You’ll Never Walk Alone: Pompeii

Monday 23rd March
Back in December I thought it would be nice to treat myself to a holiday to celebrate my 30th birthday. I had started exploring the idea of staying in Sorrento in order to explore Pompeii, Herculaneum Mt Vesuvius and the Amalfi coast. At the age of two this region of Italy was according to my dad my first trip abroad but I remember nothing except throwing my favourite red ball in to a river and watching it float away and being scratched by a cat. Since then I’ve fallen in love with Neopolitan Pizza (partly due to Santa Maria in Ealing 5 mintues walk from my house), been to exhibitions on Pompeii and watched countless documentaries. Over the past 5 years the significance of Pompeii has grown on me for personal reasons and it was always on the list of places I wanted to visit.

Other events took priority and planning for Berlin and Morocco meant by the start of March I’d not booked anything even though I had the annual leave confirmed. At the TNT travel show I tried to see if any tours of the area were running but they weren’t. I decided to leave the trip for another time and instead decided to try something completely different by using a company called “Mystery Breaks”. The general idea being you gave them the dates, your budget, the type of holiday and 3 cities you didn’t want to visit and they would book flights and hotel to a mystery city. It was exciting not knowing where I would end up and in the built up they gave a few clues which only added to my anticipation.

Eventually on my birthday I discovered it was Rome. I’d been before but who can possibly be disappointed with visiting Rome? As I said in my last blog Berlin is probably the city for modern European history and Rome is one of the best for ancient history. On a personal level I realised how perfect and symbolic it was. It had to be Rome. I love Italian food, I love Roman history and it was the city where I broke my arm on my first solo trip abroad. True I’d ‘ticked off’ the main sites but I had unfinished business with the city and knew there were many Roman archaeological sites, Catacombs and churches just waiting for me to explore.
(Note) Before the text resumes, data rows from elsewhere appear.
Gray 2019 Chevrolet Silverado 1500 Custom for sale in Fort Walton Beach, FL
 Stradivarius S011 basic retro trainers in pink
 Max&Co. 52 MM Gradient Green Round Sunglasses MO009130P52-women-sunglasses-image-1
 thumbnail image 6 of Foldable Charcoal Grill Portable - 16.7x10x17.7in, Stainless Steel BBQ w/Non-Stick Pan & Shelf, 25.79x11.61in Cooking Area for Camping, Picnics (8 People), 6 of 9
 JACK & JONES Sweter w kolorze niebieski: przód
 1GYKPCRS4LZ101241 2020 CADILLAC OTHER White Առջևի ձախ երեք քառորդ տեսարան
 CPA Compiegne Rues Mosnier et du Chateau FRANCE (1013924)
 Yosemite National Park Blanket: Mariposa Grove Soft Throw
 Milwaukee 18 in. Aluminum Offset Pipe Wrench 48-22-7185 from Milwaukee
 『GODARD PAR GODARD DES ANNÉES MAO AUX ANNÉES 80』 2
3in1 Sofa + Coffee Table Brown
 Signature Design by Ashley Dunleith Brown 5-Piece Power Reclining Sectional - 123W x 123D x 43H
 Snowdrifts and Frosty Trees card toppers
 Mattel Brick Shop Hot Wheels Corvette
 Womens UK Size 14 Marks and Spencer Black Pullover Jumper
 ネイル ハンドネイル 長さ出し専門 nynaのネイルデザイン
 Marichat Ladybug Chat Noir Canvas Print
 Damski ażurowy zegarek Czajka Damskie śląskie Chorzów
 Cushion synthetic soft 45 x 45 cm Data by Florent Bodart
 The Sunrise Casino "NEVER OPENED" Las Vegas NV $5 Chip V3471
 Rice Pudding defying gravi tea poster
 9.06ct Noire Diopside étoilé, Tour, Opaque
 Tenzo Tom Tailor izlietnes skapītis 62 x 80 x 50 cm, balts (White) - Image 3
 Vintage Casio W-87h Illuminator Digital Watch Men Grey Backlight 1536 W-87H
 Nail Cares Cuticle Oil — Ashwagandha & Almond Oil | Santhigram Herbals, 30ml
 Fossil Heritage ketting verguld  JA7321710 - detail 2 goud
I didn’t finish packing until midnight and so it wasn’t until the journey to the airport and the flight that I could start thinking about how best to spend my time. My trip to Stanstead whilst longer than Gatwick was simple enough and the flight uneventful though we did get an amazing view of the Austrian Alps. My rep had given clear and concise details for me to follow in order to find my hotel. It was centrally located and less than a 10 minute walk from the main coach and train station. I checked in, found my room unpacked everything (no sharing this time!) and crashed out on the bed as I still had about 2 hours until dinner.

I was still in two minds about taking a day trip to Pompeii as most didn’t spend much time and fitted in activities which were of little interest to me. I had asked my “Mystery Break’ rep out of curiosity not really expecting anything different and it was only at this point I checked the link. I was impressed. It had a local guide, didn’t go to Herculaneum but did include over 2 hours at Pompeii, traditional pizza lunch and a walk to the top of Mount Vesuvius. Whilst I knew 2 hours at Pompeii was still a bit on the short side I thought it would at least be a good introduction and so I booked it for the following day.

Eventually I got ready and followed the directions to Trattoria Coriolano for my ‘introductory meal’ which had been pre-booked for me by my rep. It had quite a rustic feel about it with antique furniture and white table cloths. The menu looked fantastic and eventually I settled on fried vegetables as a starter and spaghetti carbonara as my main along with a glass of white wine. When in Rome and all that. Shortly they brought a small plate out which had a breaded mushroom and a piece of bruschetta. Assuming I’d misread the menu I ate it feeling slightly underwhelmed.

Then another plate arrived which didn’t look like spaghetti carbonara and I realised it was my actual starter which contained various fried vegetables such as zucchini. It was enormous but delicious. I finished it and was thankful my bowl of spaghetti looked so small. But I had forgotten that appearances can be deceiving. It was incredibly rich and filling. I just about had room for gelato and thought a lemon sorbet may help. It didn’t and I realised I had over indulged like never before and never will again. When the waiter gave me some complimentary biscuits I could only stare at them with horror before smuggling them in to my bag as I figured they would make a good breakfast or snack on the coach.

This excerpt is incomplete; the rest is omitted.